SUMMARY: Fibromyalgia is common in all countries studied, and remains commonly litigated in North America. Physical or psychological trauma may be followed by relapse of FMS. Factors other than the presence and severity of FMS determine ability to undertake modified work.
In Canada, 9% of all disability payments are for FibroMyalgia Syndrome (FMS)(1).
In population studies, prevalence of FMS varies from 1 in 200 men to nearly 1 in 10 elderly women(2).
Prevalence is no different in poorer countries (Poland, for instance) or where disability compensation is not available (Israel, for example)(3).
Though the 1994 International Consensus Report (Vancouver, BC)(4) recommended that the term Post-traumatic Fibromyalgia Syndrome be abandoned for clinical research purposes, this condition remains a common focus of personal injury Actions.
Following is a summary of the present state of Evidence-based knowledge of this condition, from a medicolegal perspective(5):
1. The pre-injury medical records will yield evidence of pre-existing FMS.
2. The following abnormalities may be seen in FMS sufferers: numbers of natural killer cells in the blood(6); alpha-wave intrusion into delta-wave sleep on nocturnal EEG, and serotonin by-products (7), substance P and nerve growth factor in cerebrospinal fluid.
Practice PointConsider requiring testing of
1. blood for natural killer cells
2. nocturnal EEG for alpha-wave intrusion into delta-wave sleep
3. cerebrospinal fluid for
Spinal tap for cerebrospinal fluid examination has risks that the claimant may not be prepared to take, especially for Defence counsel. However, even routine venepuncture has occasionally Caused cardiac arrest.
3. Physical or psychological trauma may be followed by relapse of FMS. Neither physical trauma nor emotional stress Cause the condition, but both can trigger a relapse.
Trauma and emotional stress do not Cause FMS but either can trigger a relapse lasting weeks to months
4. Post-traumatic symptoms and signs of FMS last for weeks to a few months at most, before returning to baseline.
Practice PointObtain medical expert opinion on
1. predisposing factors - stressful life events, chronic medical or psychiatric illness, personality disorder
2. precipitating factors - infection, trauma, emotional stresses
3. perpetuating factors - dislike of work, medical or psychiatric illness, psycho-social problems, sleep disruption, faulty attribution of symptoms
The condition is compatible with full-time employment(8). That is say, it is not sufficient to establish the diagnosis as grounds for disablement, but rather the claimant needs to show why full-time or part-time employment is not possible despite the condition.
In up to 10% of cases, review of 5 years' pre-injury medical records will reveal no evidence of pre-existing symptoms of FMS or myofascial pain syndrome(5).
Such pre-injury records should be routinely available to defence counsel. The court's denial on "fishing expedition" grounds makes no sense: personal injury occurs in a medical context and its outcome can be understood only in that context.
It follows that in a minority of clients widespread pain, with the requisite 11/18 tender points, will appear de novo following compensable trauma.
Symptoms and signs will fluctuate over the succeeding months and years, particularly following further trauma and the usual psychological stresses of life.
Because many life events may Cause relapse, disability that is assessed after many months or even years should not be Causally attributed to the injury. The chronic nature of the condition means that actus novus interveniens is probable.
Related or unrelated psychological conditions, some of which are treatable, may be perpetuating FMS or consequential disability.
Insist on psychological assessment:
Factors other than the presence and severity of FMS determine ability to undertake modified work. 90% of FMS patients who desire to work are able to do so(8).
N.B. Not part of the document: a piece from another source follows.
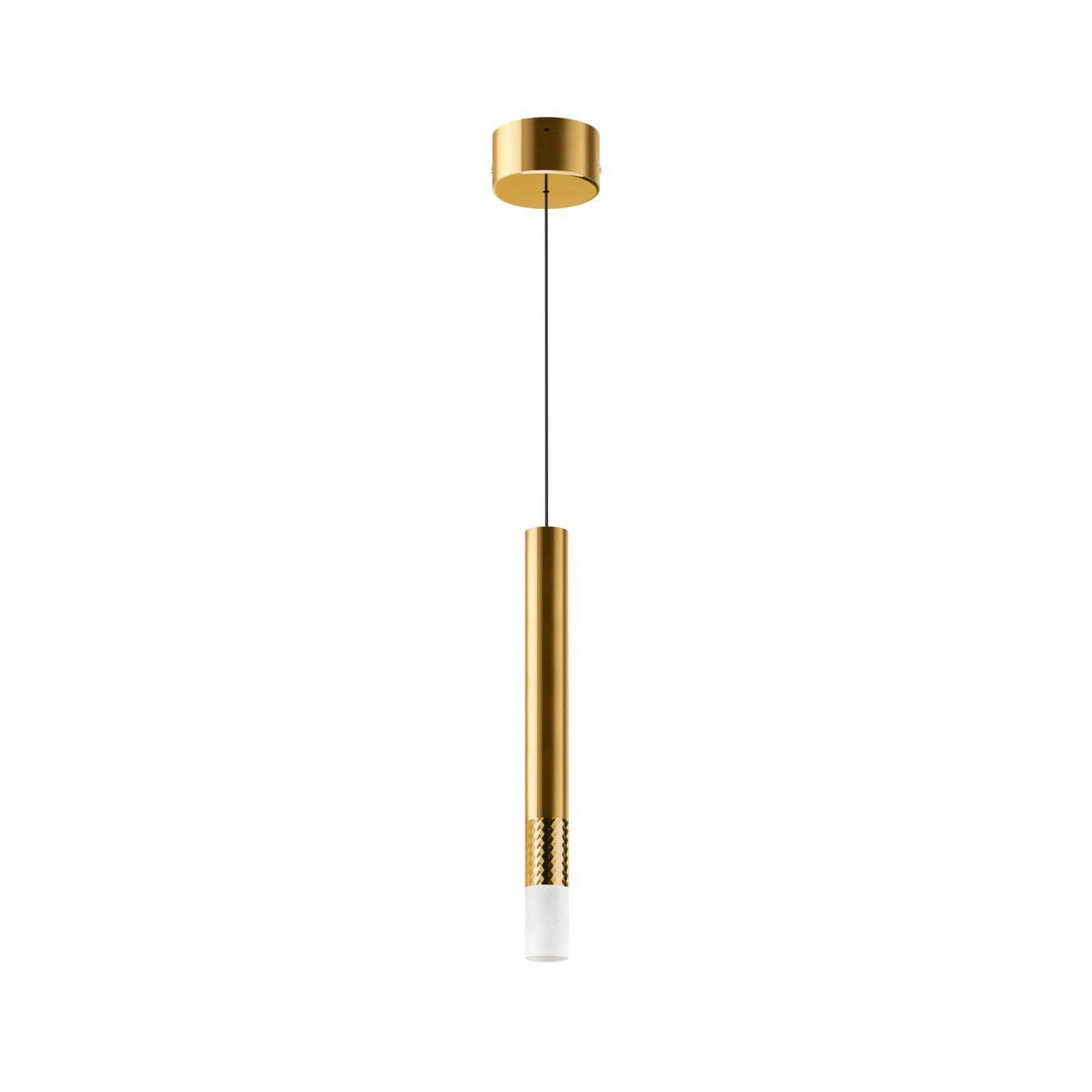 LINEA LIGHT (ILED) ILD9254 PUCCINI SOSP.25X250 2W ORO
However, a majority have to either change jobs or modify their work activities to accommodate their needs.
Symptoms tend to be worsened by computer work, typing, long periods of sitting, stress, heavy bending and lifting. By contrast, certain activities are well tolerated: walking, light sedentary or desk work, and phoning(10).
The Activities of Daily Living rating is the best instrument currently available for assessment of FMS disability(11).
About a fifth of FMS sufferers collect disability benefits at some stage of their illness(5).
Currently, a practicable model for FMS is that of pain threshold.
A person's pain sensitivity can usefully be considered to be somewhere on a continuum between very high and very low.
Patients with FMS not only have a low pain threshold, but they experience as painful the sensations of normal fatigue and physical pressure that others experience as pleasurable or neutral (allodynia, Greek for "other pain").
The body chemistry, including that of brain and spinal cord, may be disturbed for some weeks following physical and psychological trauma. Such disturbance can materially lower the pain threshold and, in those with FMS ("thin skull"), the lowering may result in spontaneous pain and disability.